以上のプロセスを見たとき、IAにおいて、もっと重要な仕事として人間が介在しなければならない仕事は、②の「教師データ」と④の特徴の重要度の判断ということになる。
2)RSTとその効果について
RSTは、上述のように、大学入試問題の特徴を抽出した想定問題を作成したテストである。埼玉県戸田市の生徒は、このPSTを体験(学習)することによって、県内のランキングを向上させたのではないかと思う。
生徒はPSTで「誤り」と判定された問題を復習することで、同じ過ちを繰り返さないことを学習し、本番では、その学習を活かせる環境が作られたから、ランキングの向上が実現したのだと思う。
つまり、PSTのなかにある「教師データ」と「特徴の重要度」を念頭に、PSTを行う前に、出題文には現れない出題の特徴と重要度を公開することによって更に熟練度が向上することになるのではないかと思う。
PSTは、「読解力」を測るテストだが、これは通常の漢字を読むことのできる能力だけではなく、問題を解決するために必要な「理解力」を測るテストであるということだと思う。そのためには以下のことが不可欠であると思う。
①文章に関する言語的な理解
まず、出題文の文章に関する言語的な理解である。それは言語を理解するための基本的手法に関する習熟である。
・文節(どこで分かれているか)
・主語と述語、修飾語と被修飾語の相補関係(「係り受け」)
・代名詞の作用に関する判断(「照応」)である。
これは、外国語を学ぶときに不可欠なことであり、これは繰り返し、文章を読み、発話を聞き、状況を想像しながら、言葉を理解し、言語をモノにするプロセスと同じである。
②出題の意図に関する理解
出題文文章には表れない意図を常に考える習慣を持たなければならない。
その意図がわかれば、自ずと正解が滲みでてくる出題が少なくない。これは、
教科書の各単元の意図したことの理解であり、教員には知っていても、生徒
は知らないという情報の非対称性に起因すると思う。授業の教案を生徒に教
えることで理解が進むのではないかと思った。
③出題文の用語に関する理解
上記の2つを理解していたとしても、出題文を言語的にしかもその意図を
理解したとしても、用語に関する理解がなければ、問題は解けない。
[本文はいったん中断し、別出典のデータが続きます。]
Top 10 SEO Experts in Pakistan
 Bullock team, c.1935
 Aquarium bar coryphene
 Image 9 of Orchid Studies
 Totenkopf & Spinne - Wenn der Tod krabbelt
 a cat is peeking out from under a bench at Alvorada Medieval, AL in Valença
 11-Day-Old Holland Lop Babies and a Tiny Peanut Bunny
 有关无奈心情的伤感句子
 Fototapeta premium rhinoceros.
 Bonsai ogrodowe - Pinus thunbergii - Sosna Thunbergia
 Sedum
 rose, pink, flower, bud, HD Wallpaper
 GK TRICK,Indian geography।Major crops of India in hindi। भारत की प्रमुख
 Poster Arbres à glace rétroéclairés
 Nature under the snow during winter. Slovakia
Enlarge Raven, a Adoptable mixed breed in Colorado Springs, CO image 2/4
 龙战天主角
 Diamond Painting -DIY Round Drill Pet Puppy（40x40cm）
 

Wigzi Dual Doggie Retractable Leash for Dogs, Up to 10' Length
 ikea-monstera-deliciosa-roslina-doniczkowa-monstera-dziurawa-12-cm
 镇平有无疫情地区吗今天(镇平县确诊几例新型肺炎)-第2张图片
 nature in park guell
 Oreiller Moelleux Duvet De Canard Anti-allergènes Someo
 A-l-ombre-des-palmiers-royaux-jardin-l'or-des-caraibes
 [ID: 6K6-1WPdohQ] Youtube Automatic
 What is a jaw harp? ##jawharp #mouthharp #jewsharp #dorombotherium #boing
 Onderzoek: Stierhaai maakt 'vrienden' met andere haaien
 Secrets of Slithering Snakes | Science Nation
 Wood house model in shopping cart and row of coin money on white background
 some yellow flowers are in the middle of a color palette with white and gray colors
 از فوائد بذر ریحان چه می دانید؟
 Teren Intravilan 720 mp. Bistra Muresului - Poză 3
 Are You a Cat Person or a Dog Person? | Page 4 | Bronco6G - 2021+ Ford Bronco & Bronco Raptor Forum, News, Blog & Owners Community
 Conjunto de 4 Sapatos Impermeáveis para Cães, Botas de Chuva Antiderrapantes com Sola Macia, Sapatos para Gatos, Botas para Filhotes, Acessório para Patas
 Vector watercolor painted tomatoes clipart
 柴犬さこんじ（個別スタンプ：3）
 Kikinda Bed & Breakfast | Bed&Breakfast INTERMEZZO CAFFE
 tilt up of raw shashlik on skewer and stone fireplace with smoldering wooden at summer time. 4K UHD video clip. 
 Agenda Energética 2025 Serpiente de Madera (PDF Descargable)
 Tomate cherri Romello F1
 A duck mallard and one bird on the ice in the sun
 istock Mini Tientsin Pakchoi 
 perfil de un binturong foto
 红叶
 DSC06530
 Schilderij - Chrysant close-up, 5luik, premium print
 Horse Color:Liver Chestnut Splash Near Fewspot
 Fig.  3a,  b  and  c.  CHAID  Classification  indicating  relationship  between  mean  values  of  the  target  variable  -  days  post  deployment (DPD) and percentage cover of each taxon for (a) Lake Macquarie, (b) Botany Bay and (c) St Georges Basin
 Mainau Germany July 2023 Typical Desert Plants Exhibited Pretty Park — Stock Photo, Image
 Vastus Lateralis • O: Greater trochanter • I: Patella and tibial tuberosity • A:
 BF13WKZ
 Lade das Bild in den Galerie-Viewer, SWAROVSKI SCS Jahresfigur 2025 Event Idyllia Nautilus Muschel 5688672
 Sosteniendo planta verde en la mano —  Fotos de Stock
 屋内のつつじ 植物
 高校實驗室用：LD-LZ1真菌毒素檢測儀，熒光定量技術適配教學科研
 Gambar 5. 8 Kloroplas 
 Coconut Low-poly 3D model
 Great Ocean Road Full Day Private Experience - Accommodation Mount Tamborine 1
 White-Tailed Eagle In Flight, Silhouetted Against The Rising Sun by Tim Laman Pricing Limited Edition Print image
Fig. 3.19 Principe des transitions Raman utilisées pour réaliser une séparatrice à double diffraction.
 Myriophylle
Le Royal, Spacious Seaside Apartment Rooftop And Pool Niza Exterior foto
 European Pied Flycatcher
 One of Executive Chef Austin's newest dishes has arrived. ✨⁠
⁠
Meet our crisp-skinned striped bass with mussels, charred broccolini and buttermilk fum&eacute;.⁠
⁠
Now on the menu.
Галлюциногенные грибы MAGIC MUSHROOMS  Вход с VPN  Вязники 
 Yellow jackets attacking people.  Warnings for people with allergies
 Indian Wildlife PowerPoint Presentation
この用語が、AIにおける「教師データ」なのではないかと思う。つまり用語の定義に関する理解がないと問題はわかるが、解けないからである。
とすれば、RSTは、大学受験という限定されたフレームのなかでは、とても学習効果をもつテストであると思う。
しかし同時にそれは大学受験というタスクに限定された手法であり、その後大学における学習や社会人としての成長という視点でいえば、既成的な「正解」を探す学習ではなく、「正解のない」こと、やってみなかればわからない「こと」に挑戦することであり、その挑戦を通じて成長する自分自身を描けるかどうかだと思う。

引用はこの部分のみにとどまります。